Specifically, the at least one scene object comprises a first scene object and a second scene object, and the operation of the communication interface 12 transmitting the control request to the at least one scene object further comprises: the processor 11 calculating a left-eye sight and a right-eye sight based on the face image; based on an intersection of the left-eye sight and the right-eye sight, the processor 11 calculating a projection point of the intersection on a plane; the processor 11 selecting a selected scene object from the first scene object and the second scene object based on the projection point; and the communication interface 12 transmitting the control request to the selected scene object to control the selected scene object.


Please refer to FIG. 5, which is a schematic diagram illustrating the interactive apparatus 1 calculating a projection point a corresponding to the sights of a user according to some embodiments of the present disclosure. As shown in FIG. 5, the processor 11 may calculate a sight LS of a left eye LE and a sight RS of a right eye RE of the user. Furthermore, the processor 11 calculates an intersection point F of the sights LS and RS and projects the intersection point F on the projection point a at a virtual plane VP generated by the processor 11, wherein the virtual plane VP may be a plane perpendicular to the direction the user facing and/or a plane parallel to the scene image.


Accordingly, after calculating the projection point, the interactive apparatus 1 is able to calculate the distances between the projection point and multiple scene objects respectively and further transmit the control request to the nearest scene object.
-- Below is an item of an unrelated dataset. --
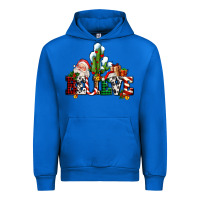 Cobalt believe christmas and santa Urban Hoodie - AdoDesignShop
Furthermore, in some embodiments, the interactive apparatus 1 also performs multi-antenna positioning on multiple scene objects respectively by using multiple antennas and determines the object that the user wants to control based on the positioning result.
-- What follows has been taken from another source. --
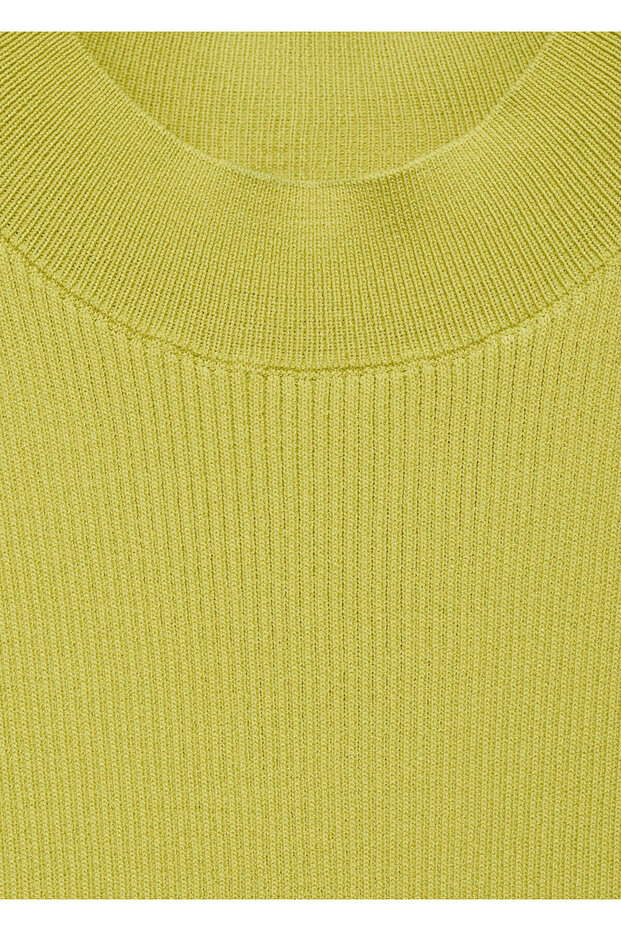 Bluse aus Rippstrick - 8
Specifically, the communication interface 12 further comprises a first antenna and a second antenna, and the operation of the processor 11 selecting the selected scene object further comprises: the first antenna and the second antenna receiving a plurality of positioning signals from the first scene object and the second scene object respectively; the processor 11 calculating a first projection point and a second projection point of the first scene object and the second scene object on the plane respectively based on the positioning signals; and the processor 11 selecting the selected scene object based on the projection point, the first projection point, and the second projection point.


Please refer to FIG. 6, which is a schematic diagram illustrating the interactive apparatus 1 calculating projection points 31 and 2 corresponding to the scene objects according to some embodiments of the present disclosure. As shown in FIG. 6, the processor 11 of the interactive apparatus 1 comprises antennas LA and RA. The interactive apparatus 1 is able to position scene objects SD1 and SD2 in 3D space respectively through angle of departure (AoD) or other method. Also, the processor 11 calculates the projection point β1 corresponding to the scene object SD1 and the projection point β2 corresponding to the scene object SD2 on the virtual plane VP based on the positions of the scene objects SD1 and SD2. In some embodiments, the antennas LA and RA perform multi-antenna positioning by using Bluetooth, Wi-Fi, or other wireless protocol.


Furthermore, after obtaining the projection points β1 and β2, the interactive apparatus 1 selects the projection point closer to the projection point a among the projection points 31 and 32 and control the corresponding scene object.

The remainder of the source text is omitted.